Todo, lentamente, se reorganizaba.

El señor Urba ya entraba en el coche cuando se dio vuelta hacia mí. Imaginé que iba a decirme algo; pero él sólo arqueó las cejas y movió la cabeza. Tiene un aire a Einstein, se me ocurrió. Llevaba puestos unos guantes de pécari, amarillos, costaba hacerlo armonizar con el correctísimo gabán de corte europeo, y, a ambas cosas, con la estación del año en nuestro hemisferio. El astrólogo seguía observándome, ahora desde su asiento. Yo, un poco cortado, levanté a medias la mano izquierda con una tímida y automática digitación tipo saludito, y él sorpresivamente dijo:

– ¡Momentito!

El taxista detuvo el motor. El astrólogo tenía la cara al nivel del borde inferior de la ventanilla, junto a la palma de mi mano. Levantó los ojos, me miró de allá abajo con mucha fijeza, volvió a bajarlos. Sujetándome la muñeca, sacó de alguna parte una lupa descomunal.

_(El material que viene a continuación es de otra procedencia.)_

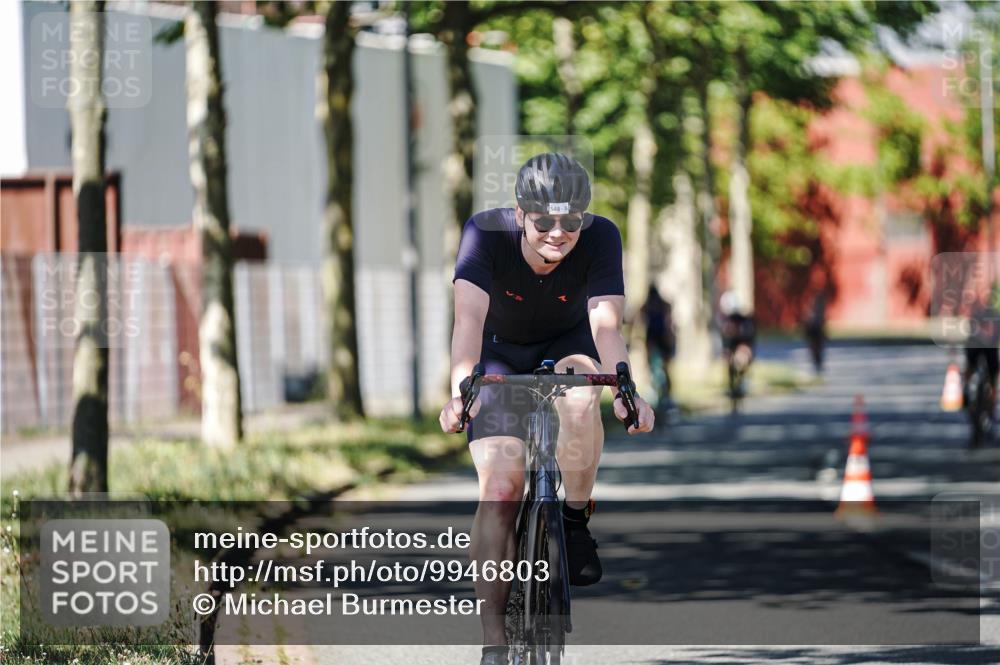 09.08.2026 - GEWOBA Citytriathlon Bremen Michael Burmester http://msf.ph/oto/9946803 09.08.2026 12:08:24 Radfahren 548, 558, 601, 620, 671 meine-sportfotos.de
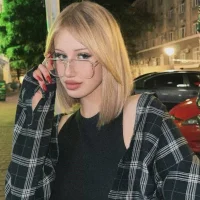 Slika avatara modela TishaSky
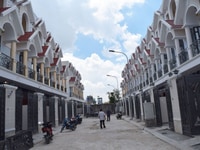 Nhà cho thuê 1tr, 2 lầu giá 9,5 triệu gần chợ TX Q.12 TPHCM Nhà cho thuê 1tr, 2 lầu giá 9,5 triệu gần chợ TX Q.12 TPHCM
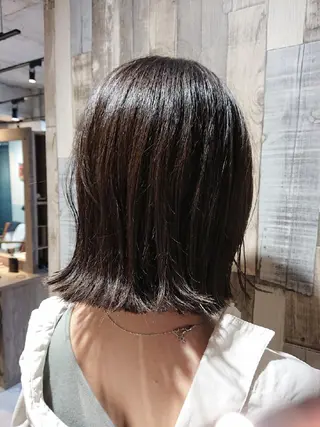 セミロング カラー alushe 岡 陽子のヘアスタイル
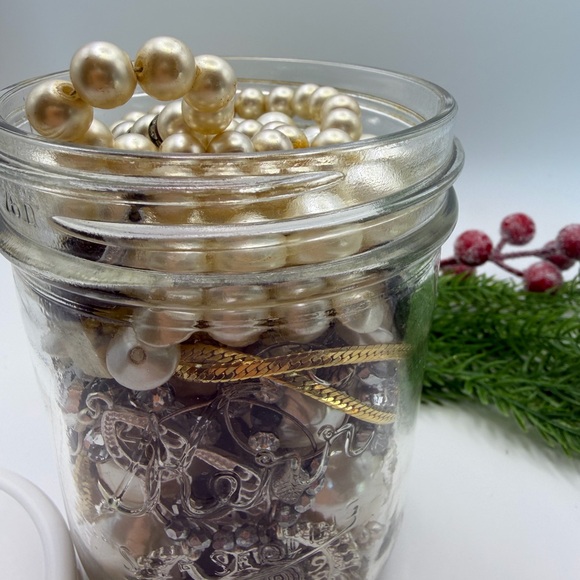 Elegant Pearl and Gold Jewelry Jar 🏺 Collection - Picture 4 of 17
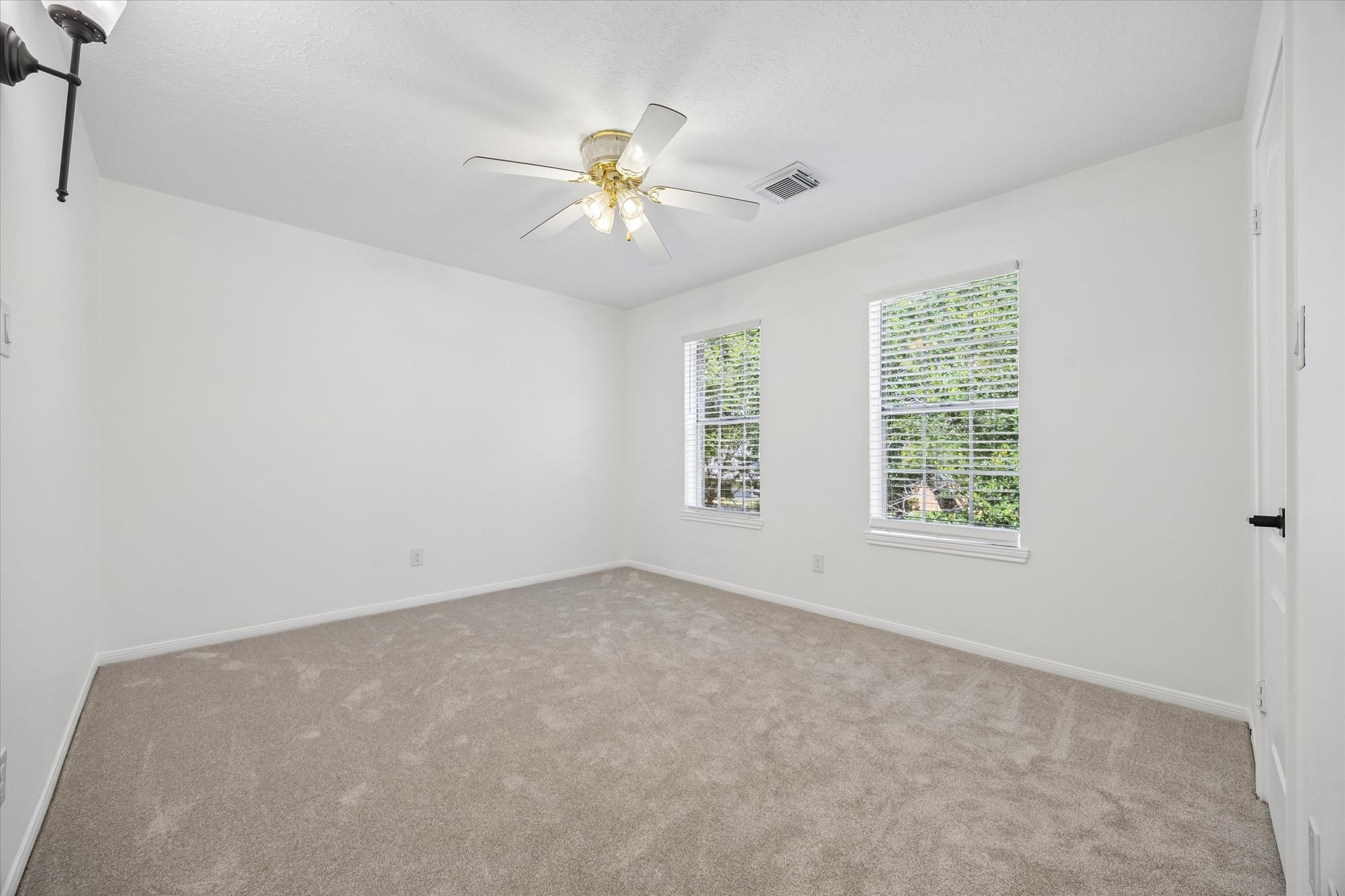 2431 Parkwood Lane Property Photo 13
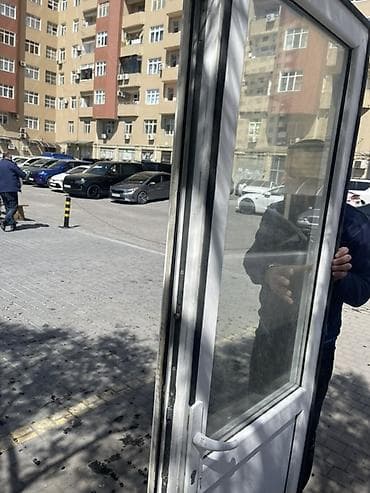 PVC şüşəli qapı - Material: Ağ rəngli PVC profil, üst hissəsi şəffaf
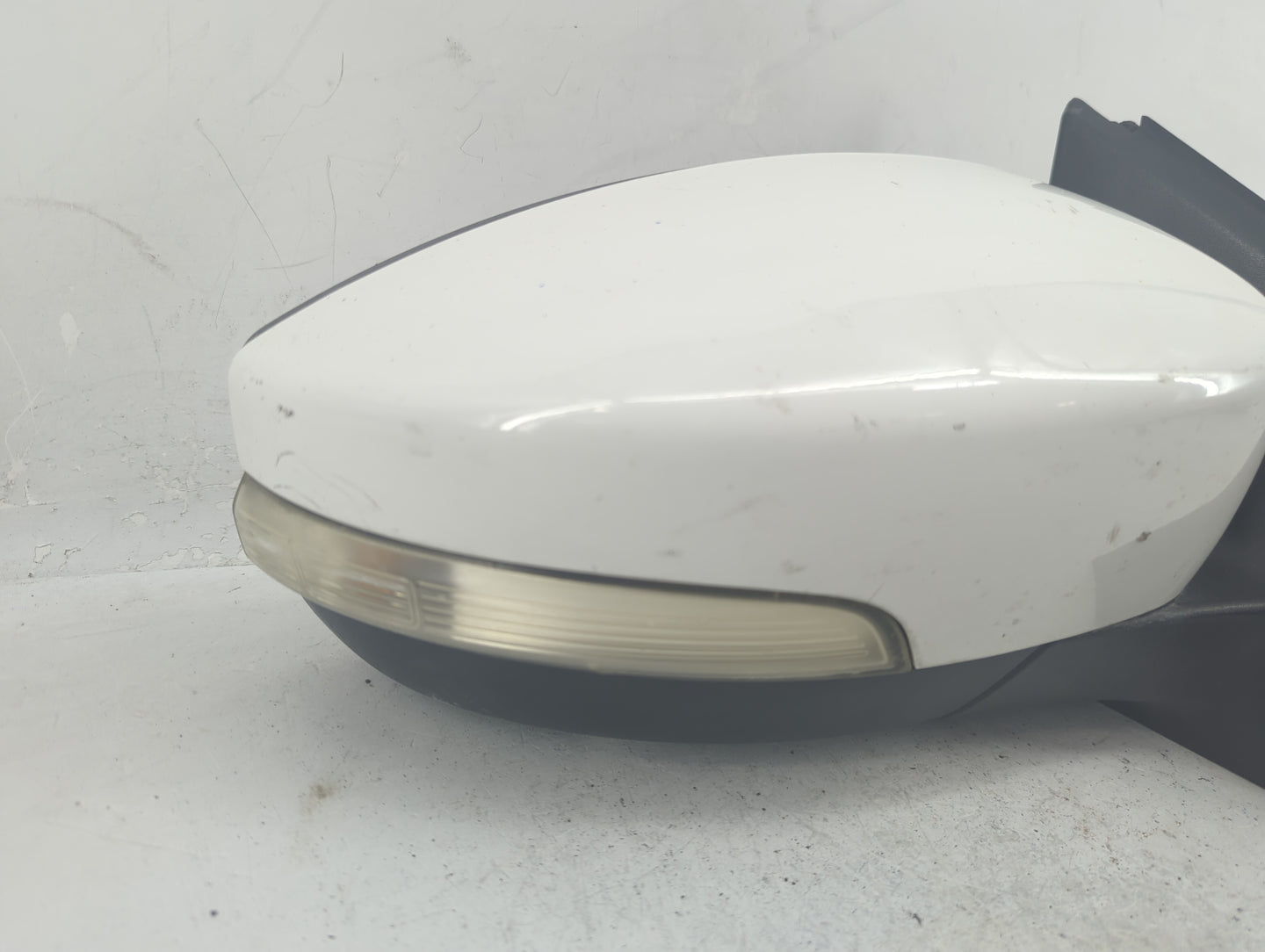 2015-2018 Ford Focus Passenger Side View Mirror - Right Door Mirror OEM Used - Oemusedautoparts1.com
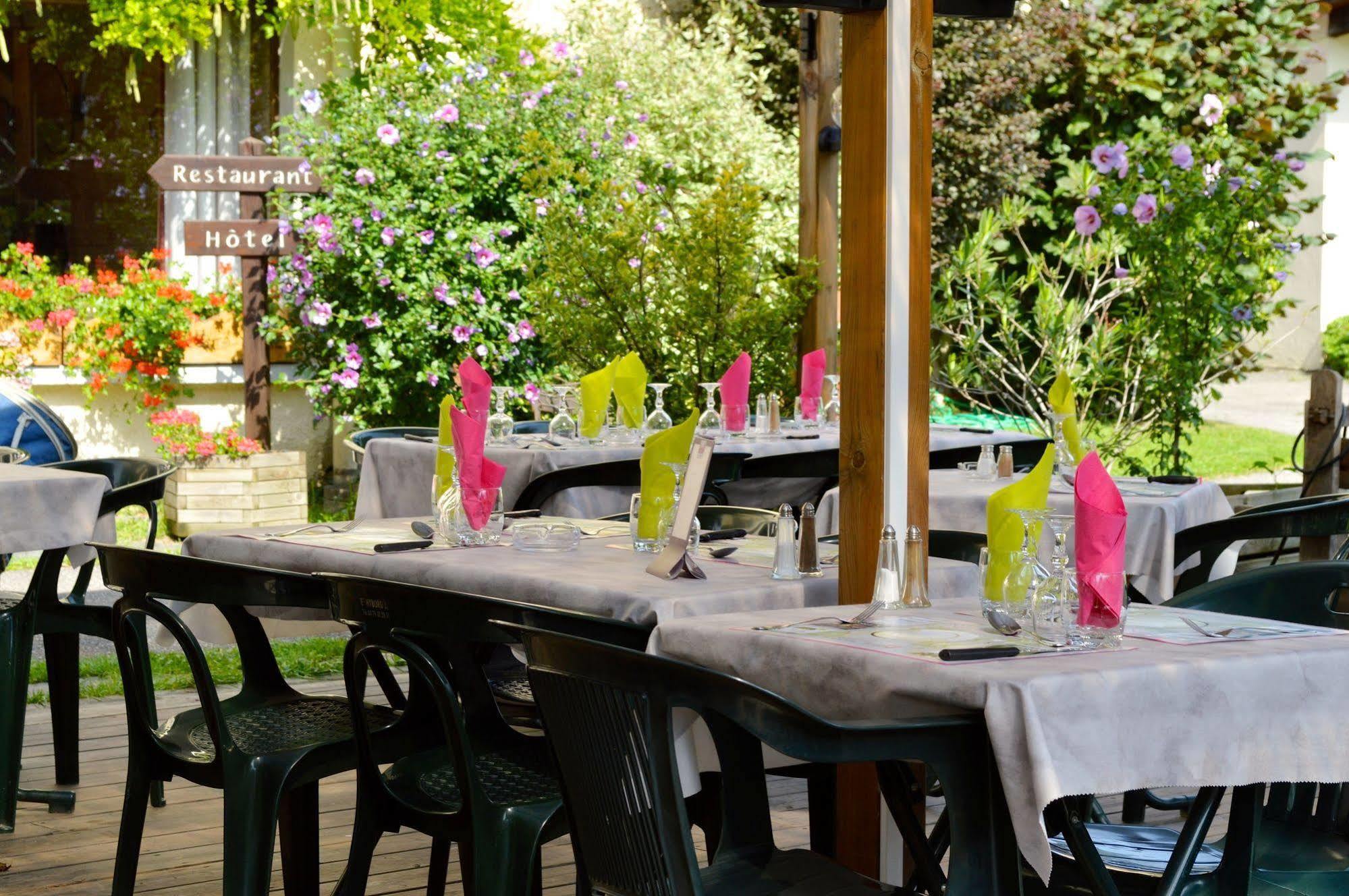 Auberge De Costaroche Albertville Zewnętrze zdjęcie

Todo esto ocurría en Córdoba, a las nueve de la mañana. En plena calle Vélez Sarsfield, supongo.

Santiago ha reiniciado el regreso a la vereda, y el astrólogo, achicando los ojitos, lo mira fríamente por encima de la lupa. Puedo haber alterado muchos hechos, puedo recordar mal o inventar cada una de las cosas que llevo escritas, pero no que Santiago, de espaldas, fue mirado de ese modo.